Tragic motherboard burnout killed Lappy #1 and Lappy #2 at a relatively young age.
Lappy #3 was the victim of accidental manslaughter before he was even a year old.
Lappy #4? Well…
It began with a flickering, a delay, too many Error 404 Pages.
The blue screen of death appeared from time to time.
Then he failed to wifi.
Tracey came in as a remote ghost and cleaned him up a bit, but said his something or other was dying.
We gave him a blue Ethernet cord and told him to hang in there.
Bubba treated Lappy with salves and prescriptions and said there wasn’t much else he could do.
In a show of solidarity, I rotated my head along with the browser’s cursor, “Go on, Lappy, you can do it!”
I didn’t upgrade Lappy to Windows 10. I knew he’d never make it out alive.
Lappy tired easily and couldn’t make it to the kitchen anymore.
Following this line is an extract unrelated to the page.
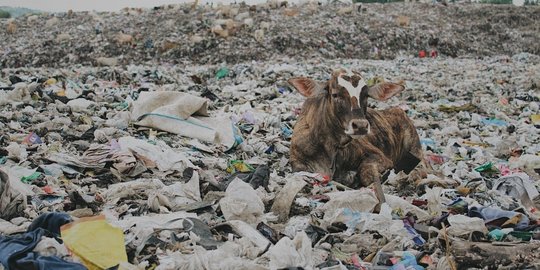 Pemandangan Miris Sapi Makan Sampah di TPU Piyungan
He told me I should consider a new battery.
Last month, Lappy’s frame came apart, but I bandaged him with duct tape.
“Nooo, Lappy, don’t go!”
But when I picked Lappy up and his eyeball shattered, I knew the time had come.
Off we went to the place. The place has sold me four of five Lappies now, so it’s fine enough, despite the fact that the staff consists of 12-year-old geeks who think in math and speak in acronyms. They would descend upon me like the prey I am if I didn’t have The Mister. People don’t approach The Mister. I walk around all the Lappies and comment like Goldilocks until I find the one that’s JUST RIGHT. Then I point at it and The Mister nods and motions for one of the blood-thirsty geeks to assist.
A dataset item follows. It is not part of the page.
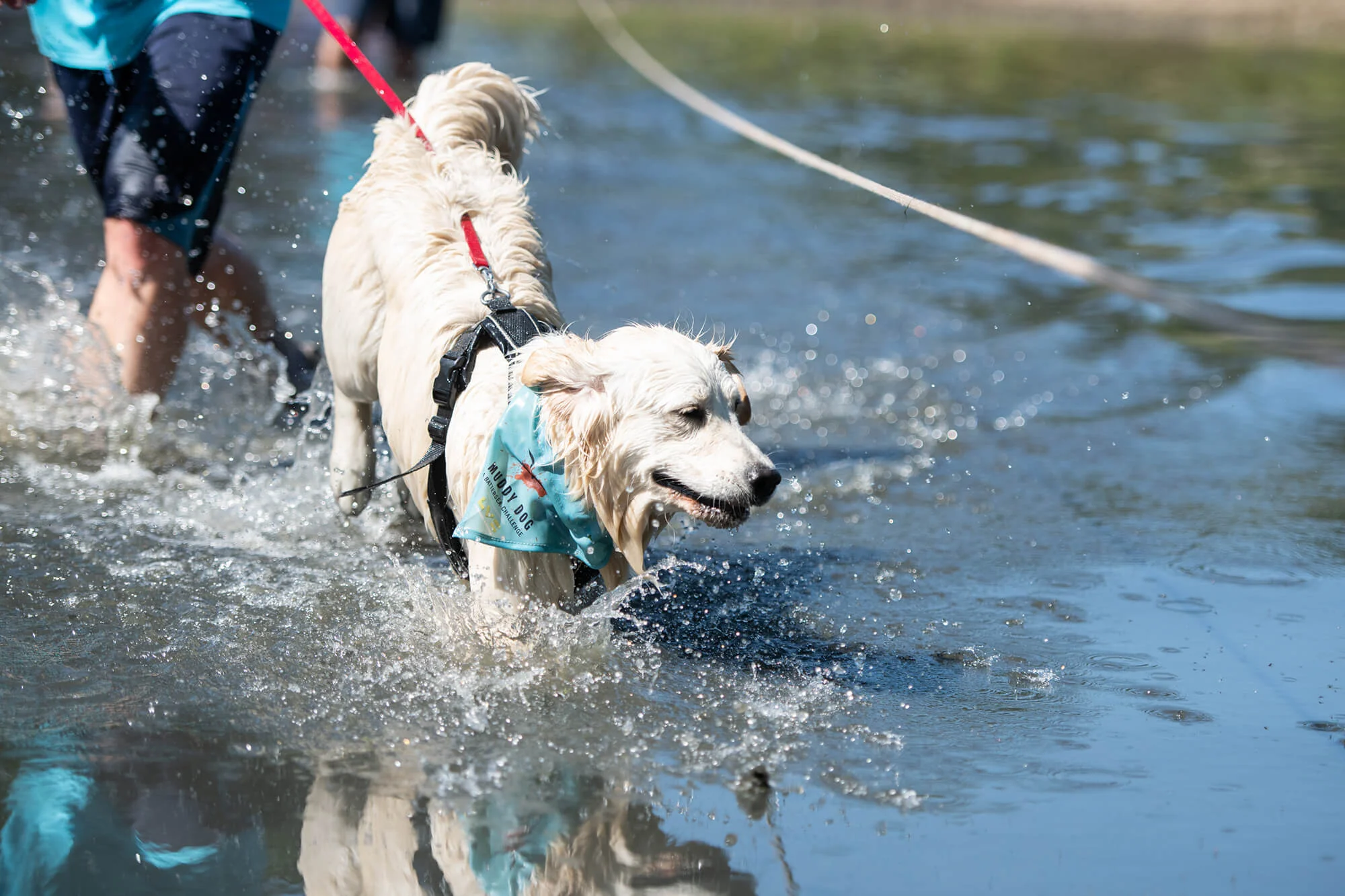 Muddy Dog Challenge Windsor 2018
An eager little boy jogged over and immediately attempted to upsell me some RAM. I don’t even know what RAM is, but I know I don’t need more of it, because more RAM than I had before is probably RAM I don’t even need. One needn’t bother trying to terrify me with phrases like “significant slow down” when Lappy #4 hasn’t even had his little black box removed yet.
Y’all know how I do. If I could get a walnut computer with ceramic knobs on it, I would.
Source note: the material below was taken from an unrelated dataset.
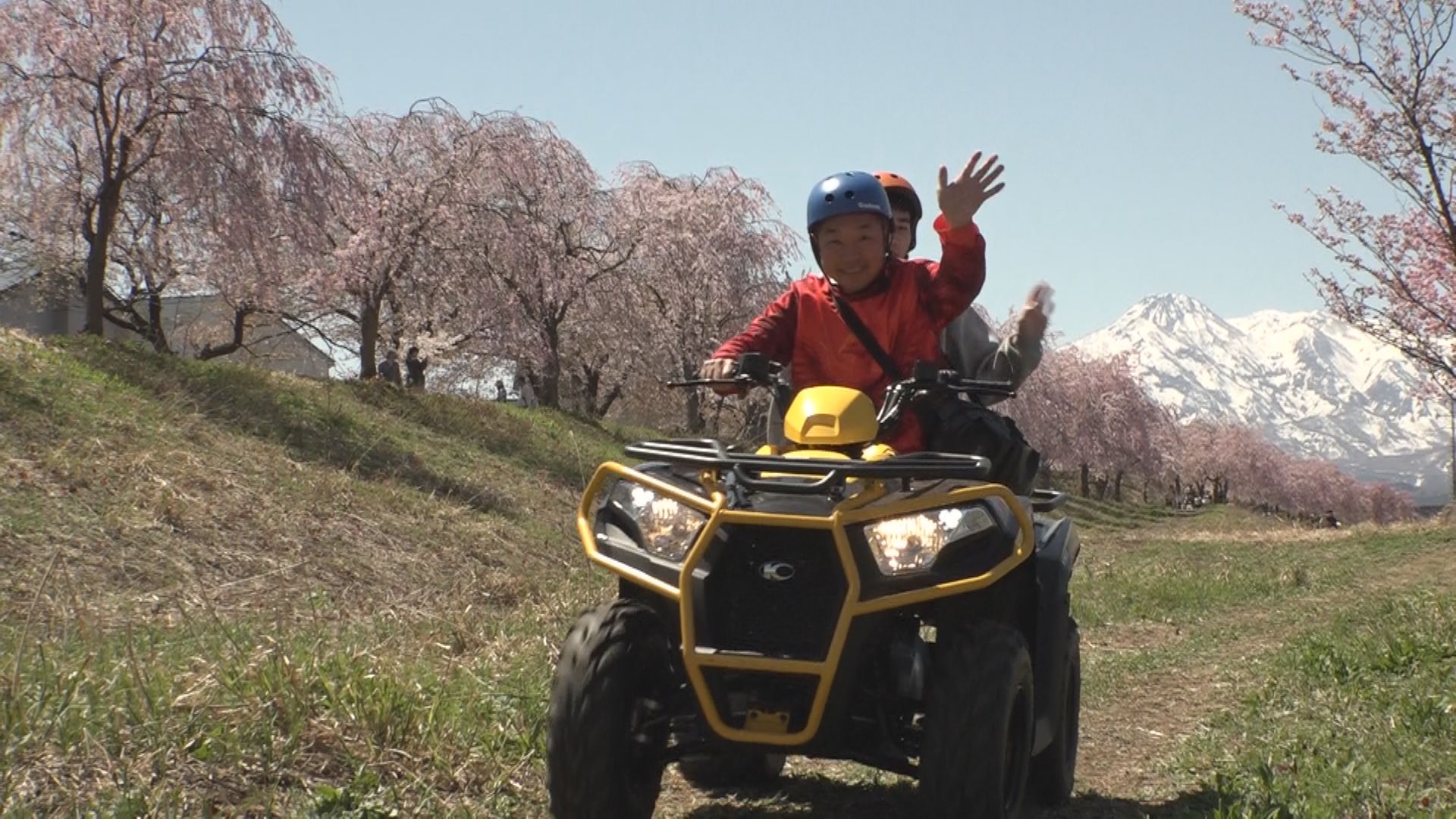 はね馬×サクラ バギーに乗って妙高の絶景を楽しむ！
I shot that little boy down and he took it pretty well.
Home I went, to introduce myself to Lappy #5.
Lappy #5 is a girl.
I know this, because she’s nosy as fuck.
She wants my everything. I’ll be sorry if I don’t give her my everything. Right away.
Every little step in the Next screen is how this bitch can get all up in my shit. She wants to know me in ways my own husband would find too intimate. Lappy #5 be like, “It’s safe, you can trust me,” and I’m more like, “Let’s take it slow for now.”
Lappy #5 offered me a faster set-up in exchange for my location, my contacts, my other devices, my searches, my wallet, my dreams, my secrets, my retina, my fingerprint, and a little bit of my blood, but I resisted and took the long way.
She offered to show me the drive behind her cloud icon and I snarked at her, “A cloud? Really? How original.”
Soon enough a suspiciously Internet Explorer-looking icon appeared and I ran off to find Chrome. Google knows what I want, which is why it led me through a delightful video about how to set my default browser to Chrome.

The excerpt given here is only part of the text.